O prosador em essência, que não é o caso de Rosa, todavia, trabalha arduamente com as palavras, embora num sentido diverso daquele do poeta. Está aí o exemplo de Nelson Rodrigues, que, apesar das metáforas, não está absolutamente agindo como poeta (como no exemplo de Guimarães Rosa, na superestrutura da obra). É o narrador por excelência, motiva-o a ação dramática simplesmente - enfim, quer narrar, contar, relatar, à sua moda, que reflete um método, um estilo extremamente pessoal; e, aqui, sem se preocupar com o problema da linguagem (poética, como já ressaltamos acima), mas com o da língua ou o uso geograficamente setorizado da linguagem. Em suma: as expressões do costume. Esse trabalho, embora mais vinculado à intuição, à espontaneidade, à captação fenomenológica do que à intenção racional e já pré-estrutural do criador, não deixa de ter a sua faixa de especulações formativas necessárias. É só dar um exemplo com o mesmo Nelson Rodrigues: a repetição continuada, reiteração diária de termos e metáforas que ele criou, que sejam, apanhando ao acaso, "o óbvio ululante", "poente de folhinha", "dispnéia pré-agônica", "fauno de tapete", "mau tempo de quinto ato de Rigoletto". Um julgamento apressado daria a idéia de que se trata do lugar-comum. Nada menos exato, de início porque o assim chamado lugar-comum traduz o recurso, o "truque" de um autor, visando, sem inovar, a iludir o público a respeito dessa falta de inovação. No lugar-comum, as palavras e frases até variam, mas a chave formativa é sempre a mesma. Ora, Nelson não procura iludir porque repete frontalmente as mesmas imagens, termos, símiles, metáforas etc. A questão é mais profunda e de maior alcance formativo. Nessa repetição proposital o que ele está querendo é, à custa do repisamento constante, lexicalizar tais expressões, assim como faz o povo, o " inventa-línguas" na expressão de Maiakóvski, ao criar a gíria, por exemplo. E, nisso, eis ainda o mais importante, reabastece um vocabulário a serviço puro da prosa, pois esses termos, na medida em que se aproximam do léxico, perdem o caráter poético de revelação ou inauguração, e ajudam a acionar a fala do fabulista, do contador de histórias, como já o fazem, por exemplo, o "ora bolas!", "deu no pé", "caiu no conto do vigário", "Deus me livre" etc. O poeta, ao contrário, geralmente, quando repete uma palavra ou um termo ou uma metáfora, o faz somente dentro de um mesmo texto, de uma dada estrutura, pois a sua intenção é apenas a palavra.

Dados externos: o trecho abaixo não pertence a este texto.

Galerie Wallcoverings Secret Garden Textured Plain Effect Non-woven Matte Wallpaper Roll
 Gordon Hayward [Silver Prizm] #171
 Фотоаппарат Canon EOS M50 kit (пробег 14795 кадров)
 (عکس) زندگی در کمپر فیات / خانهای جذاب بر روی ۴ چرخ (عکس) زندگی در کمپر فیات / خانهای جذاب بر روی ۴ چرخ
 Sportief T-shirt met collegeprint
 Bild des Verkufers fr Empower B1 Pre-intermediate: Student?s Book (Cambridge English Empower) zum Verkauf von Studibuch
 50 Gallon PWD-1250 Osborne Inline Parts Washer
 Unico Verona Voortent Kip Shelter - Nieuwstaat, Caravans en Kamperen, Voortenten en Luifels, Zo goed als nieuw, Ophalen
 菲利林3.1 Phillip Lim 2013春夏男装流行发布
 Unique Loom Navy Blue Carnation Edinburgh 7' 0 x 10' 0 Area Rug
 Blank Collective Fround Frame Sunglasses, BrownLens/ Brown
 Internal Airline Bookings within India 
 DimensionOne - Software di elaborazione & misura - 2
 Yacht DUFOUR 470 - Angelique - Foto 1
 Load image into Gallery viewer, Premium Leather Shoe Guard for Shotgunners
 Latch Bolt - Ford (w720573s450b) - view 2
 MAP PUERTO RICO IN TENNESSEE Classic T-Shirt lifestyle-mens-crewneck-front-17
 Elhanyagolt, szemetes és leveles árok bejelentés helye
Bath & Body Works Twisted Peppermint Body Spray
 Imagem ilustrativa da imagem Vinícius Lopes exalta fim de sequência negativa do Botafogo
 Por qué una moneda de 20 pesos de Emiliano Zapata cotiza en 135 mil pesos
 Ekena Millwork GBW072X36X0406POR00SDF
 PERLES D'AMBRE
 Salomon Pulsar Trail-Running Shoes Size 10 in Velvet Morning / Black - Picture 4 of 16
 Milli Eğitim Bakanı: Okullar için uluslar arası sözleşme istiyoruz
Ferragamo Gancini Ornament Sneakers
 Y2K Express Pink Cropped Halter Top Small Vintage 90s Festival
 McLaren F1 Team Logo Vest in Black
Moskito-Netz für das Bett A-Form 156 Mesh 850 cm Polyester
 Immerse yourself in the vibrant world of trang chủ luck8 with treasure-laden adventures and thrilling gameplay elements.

A prosa é sempre discurso, mesmo que fragmentado ou numa estrutura de montagem; isso, pelo menos enquanto o homem se comunicar dentro do sentido estrutural do discursivo. A poesia, como já o mostrou Susanne Langer, mesmo quando discursiva, não o é em sua apreensão global, posto de lado o agenciamento material ou superficial da sintaxe. Talvez, a partir disso, é que seja possível recondicionar toda uma série de postulações de vanguarda na prosa, que, diante inclusive da voga do Nouveau Roman, ou vogas temáticas, seja do regionalismo ou do psicologismo, precisam ficar libertas, de um lado (já se sabe) do academicismo, do outro, do que é vanguardismo inócuo dentro da vanguarda.